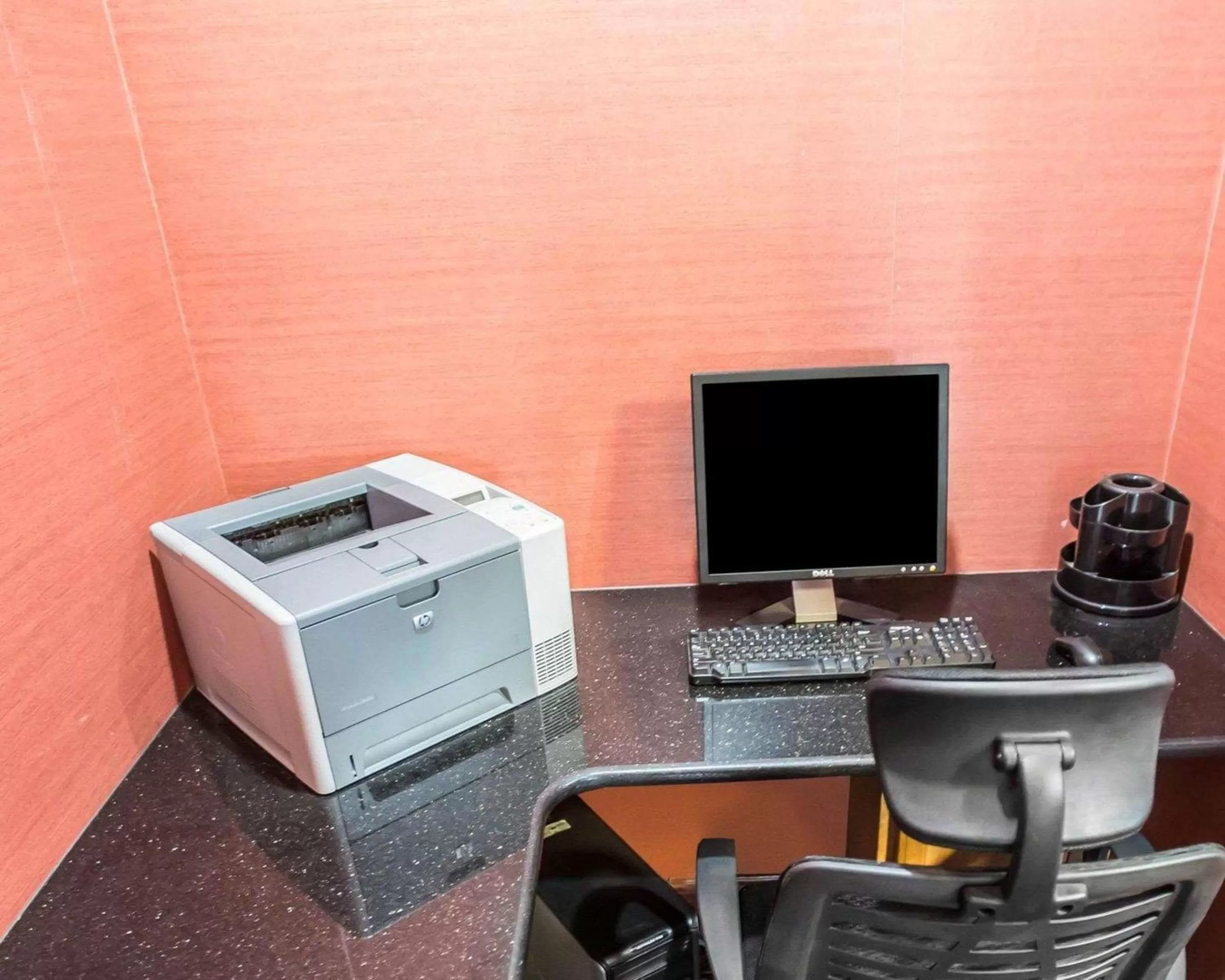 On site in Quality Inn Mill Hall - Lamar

--

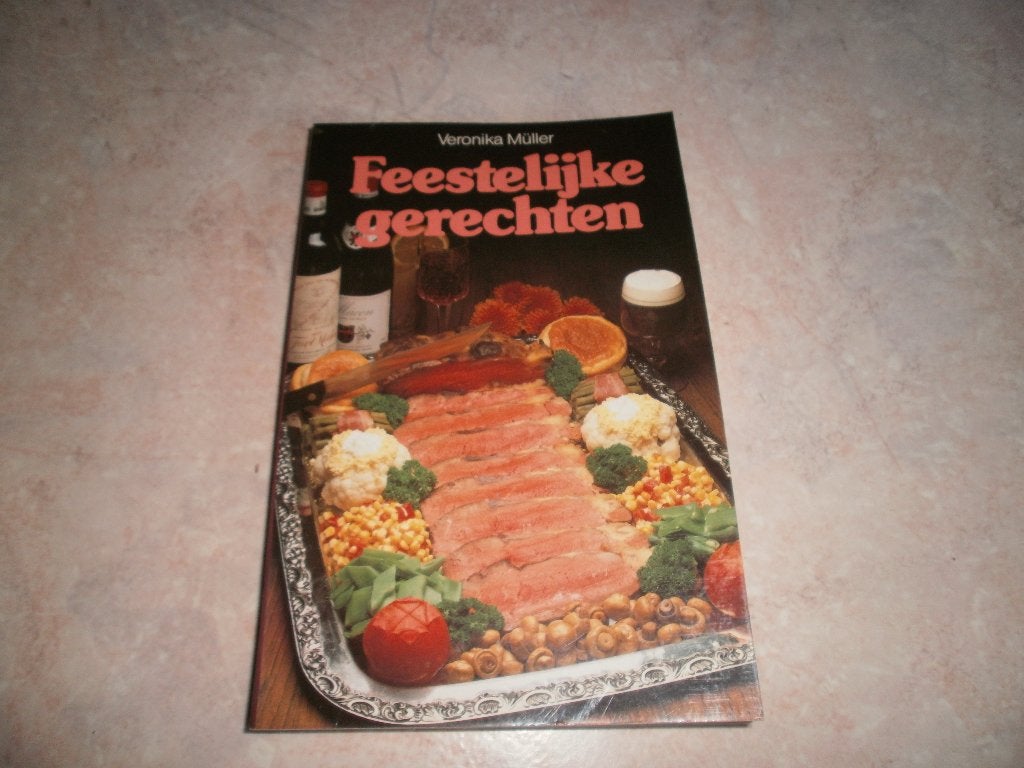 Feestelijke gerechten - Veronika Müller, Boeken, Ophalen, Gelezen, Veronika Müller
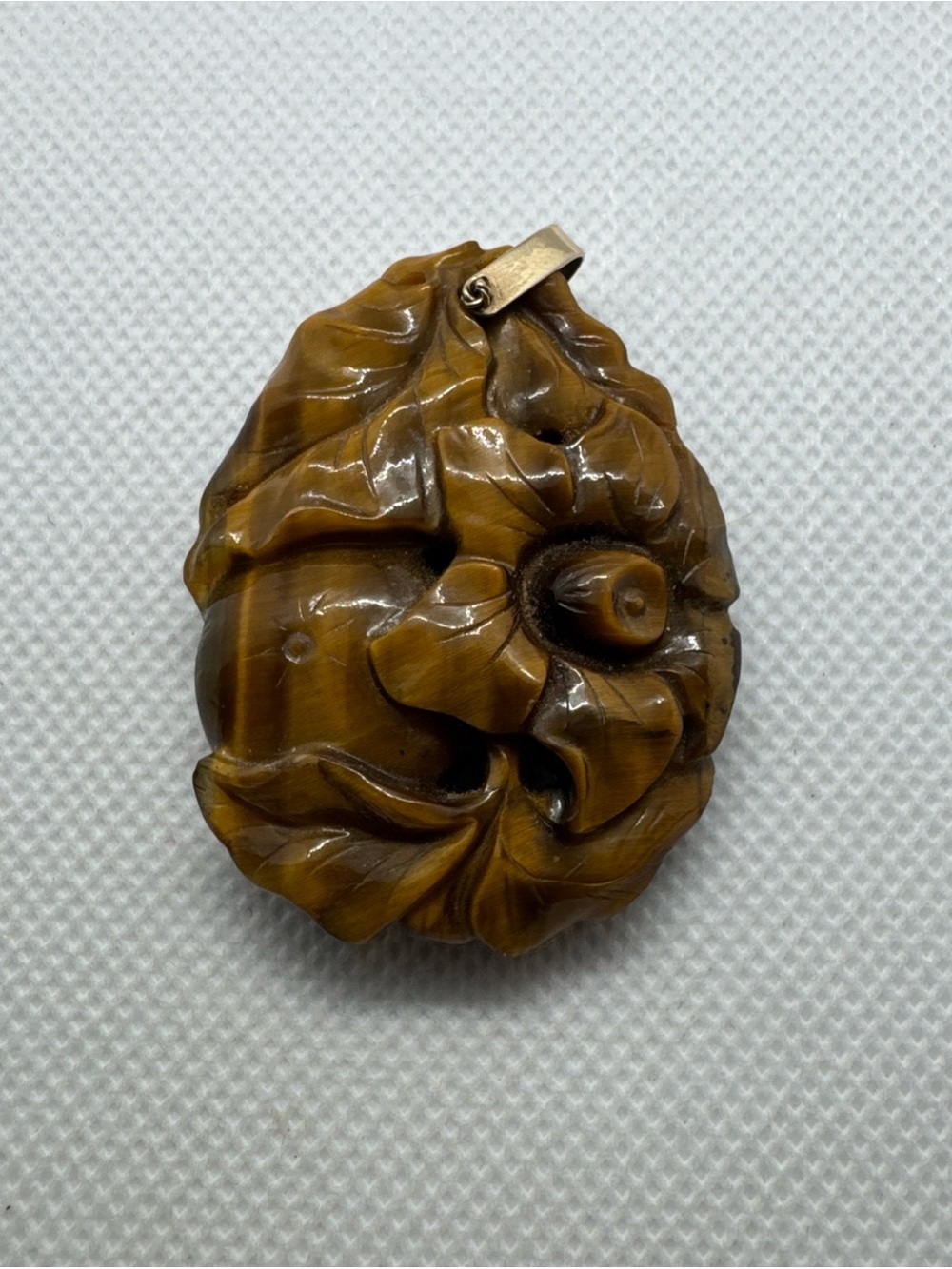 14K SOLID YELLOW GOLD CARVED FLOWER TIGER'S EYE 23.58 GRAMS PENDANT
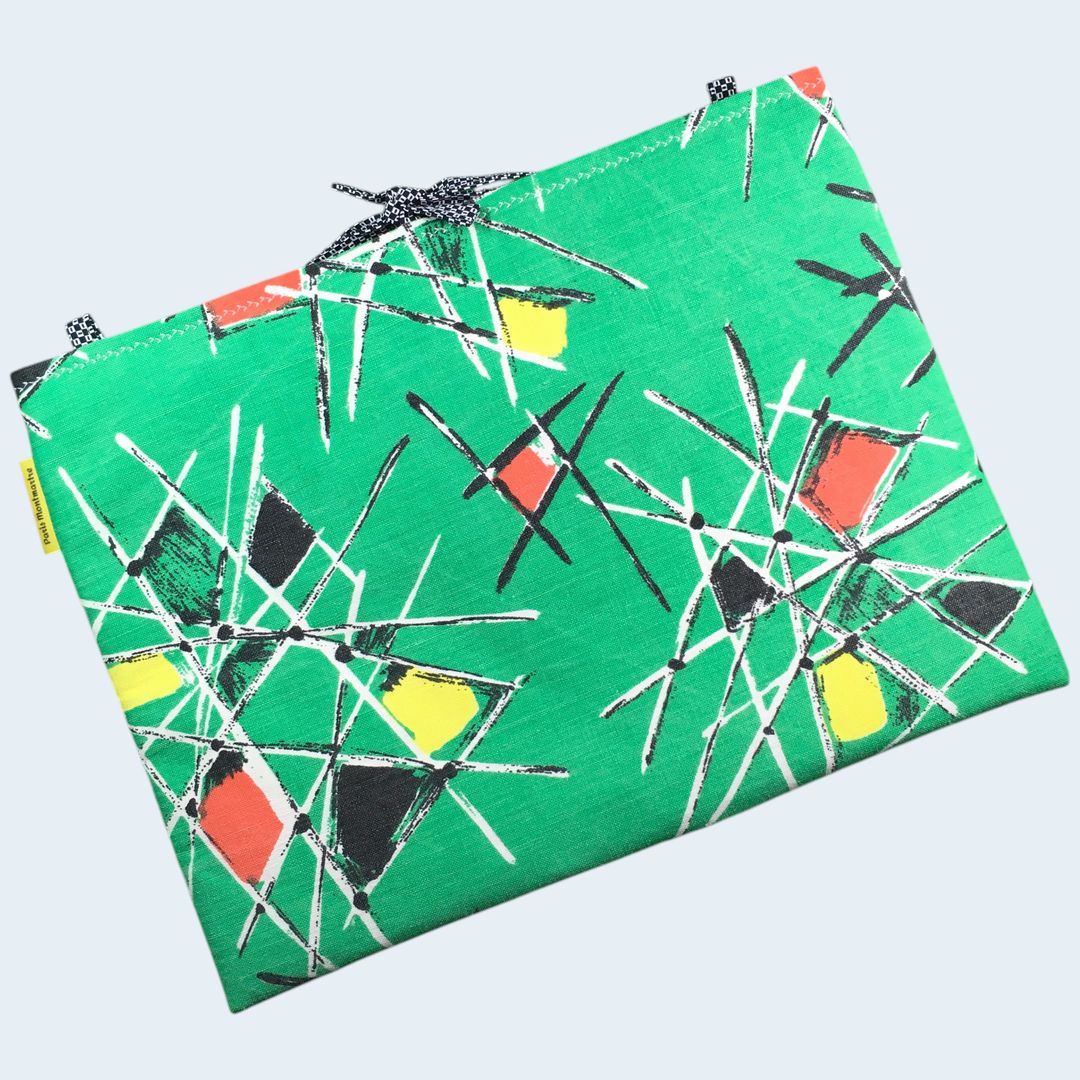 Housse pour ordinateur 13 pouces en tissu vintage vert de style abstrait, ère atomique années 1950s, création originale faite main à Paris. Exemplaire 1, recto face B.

...

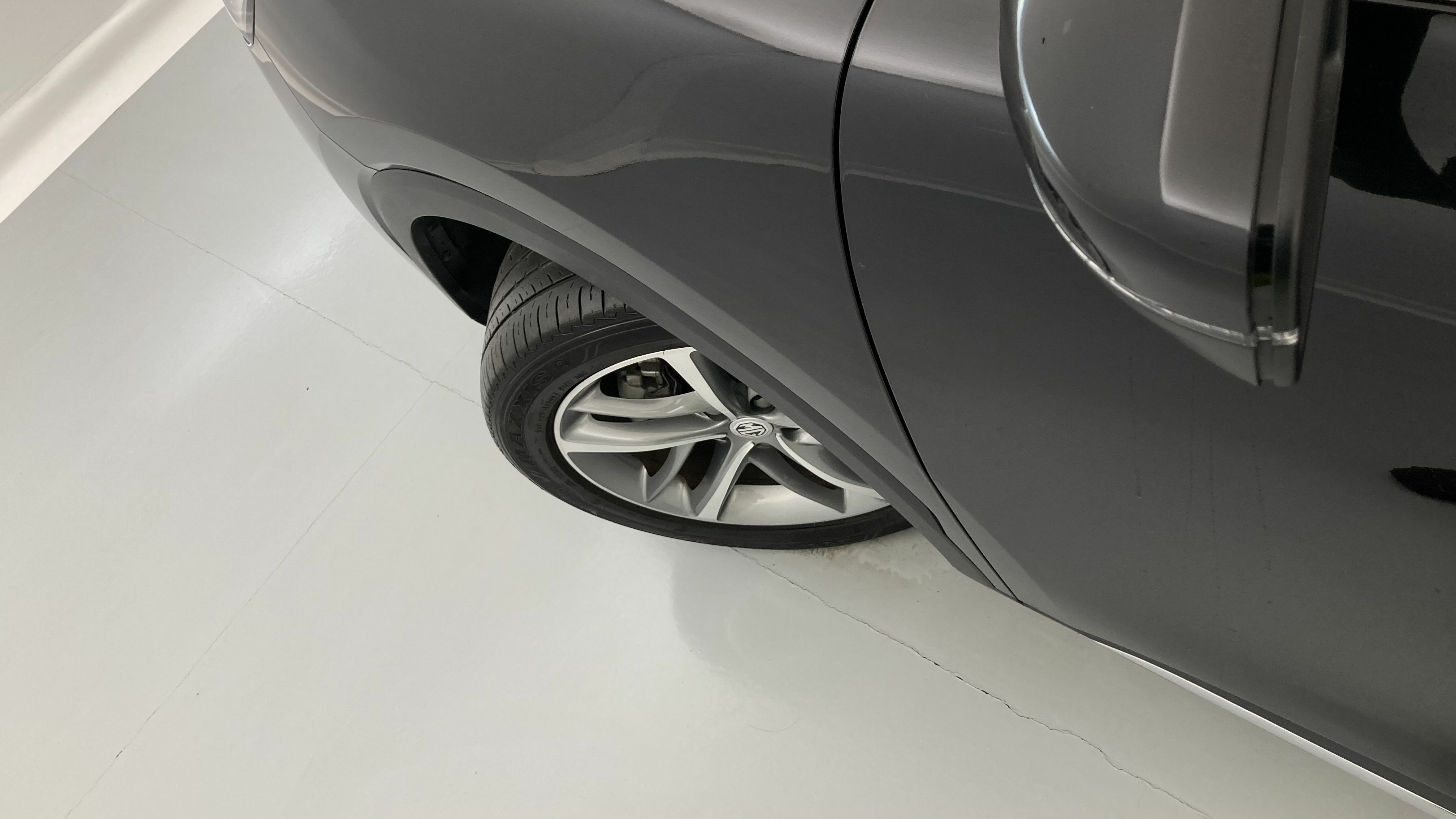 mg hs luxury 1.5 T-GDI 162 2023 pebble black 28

Instructions for the task:
Would you output the lines above from the line holding "Feestelijke gerechten - Veronika" up to and including the line holding "Housse pour ordinateur", exactly and only those, with no pictures?

Written solution:
 Feestelijke gerechten - Veronika Müller, Boeken, Ophalen, Gelezen, Veronika Müller
 14K SOLID YELLOW GOLD CARVED FLOWER TIGER'S EYE 23.58 GRAMS PENDANT
 Housse pour ordinateur 13 pouces en tissu vintage vert de style abstrait, ère atomique années 1950s, création originale faite main à Paris. Exemplaire 1, recto face B.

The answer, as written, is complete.